MATLAB Syntax Note: Using column vectors is crucial to properly build vectors and tables. When defining individual values, make sure to use semi-colon (;) instead of instead of comma (,) when defining the data fields of these.
col1 = types.hdmf_common.VectorData( ...
'description', 'column #1', ...
'data', [1;2] ...
);
col2 = types.hdmf_common.VectorData( ...
'description', 'column #2', ...
'data', {'a';'b'} ...
);
row_ids = types.hdmf_common.ElementIdentifiers(...
'data', [0;1]); % 0-indexed, for compatibility with Python
my_table = types.hdmf_common.DynamicTable( ...
'description', 'an example table', ...
'colnames', {'col1', 'col2'}, ...
'col1', col1, ...
'col2', col2, ...
'id', row_ids ...
);
my_table
my_table =
DynamicTable with properties:
colnames: {'col1' 'col2'}
description: 'an example table'
id: [1x1 types.hdmf_common.ElementIdentifiers]
vectordata: [2x1 types.untyped.Set]
Adding rows
You can add rows to an existing DynamicTable using the object’s addRow method. One way of using this method is to pass in the names of columns as parameter names followed by the elements to append. The class of the elements of the column must match the elements to append.
my_table.addRow('col1', 3, 'col2', {'c'}, 'id', 2);
Adding columns
You can add new columns to an existing DynamicTable object using the addColumn method. One way of using this method is to pass in the names of each new column followed by the corresponding values for each new column. The height of the new columns must match the height of the table.
col3 = types.hdmf_common.VectorData('description', 'column #3', ...
'data', [100; 200; 300]);
col4 = types.hdmf_common.VectorData('description', 'column #4', ...
'data', {'a1'; 'b2'; 'c3'});
my_table.addColumn('col3', col3,'col4', col4);
Create MATLAB table and convert to dynamic table
As an alternative to building a dynamic table using the DynamicTable and VectorData data types, it is also possible to create a MATLAB table and convert it to a dynamic table.
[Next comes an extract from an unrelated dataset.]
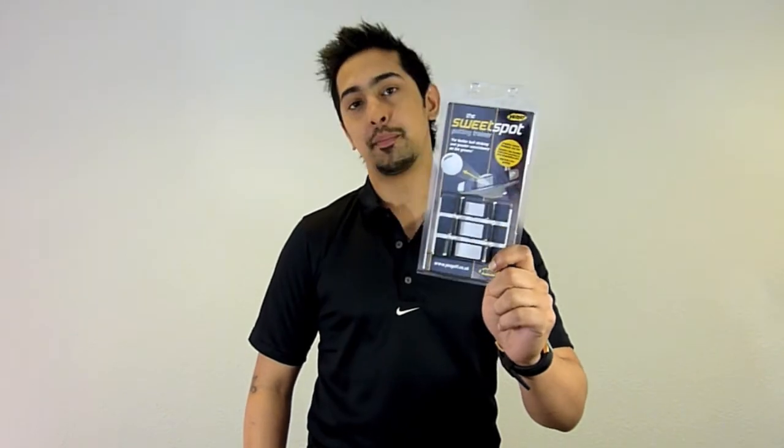Hello and welcome to GolfOnline.co.uk's Golf Gizmo Minute. My name is Q and today we will be reviewing the Sweet Spot Putting Trainer by Yes.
Lets create the same table as before, but using MATLAB’s table class:
% Create a table with two variables (columns):
T = table([1;2], {'a';'b'}, 'VariableNames', {'col1', 'col2'});
T.Properties.VariableDescriptions = {'column #1', 'column #2'};
Adding rows
T(end+1, :) = {3, 'c'};
Adding variables (columns)
T = addvars(T, [100;200;300], 'NewVariableNames',{'col3'});
T.Properties.VariableDescriptions{3} = 'column #3';
% Alternatively, a new variable can be added directly using dot syntax.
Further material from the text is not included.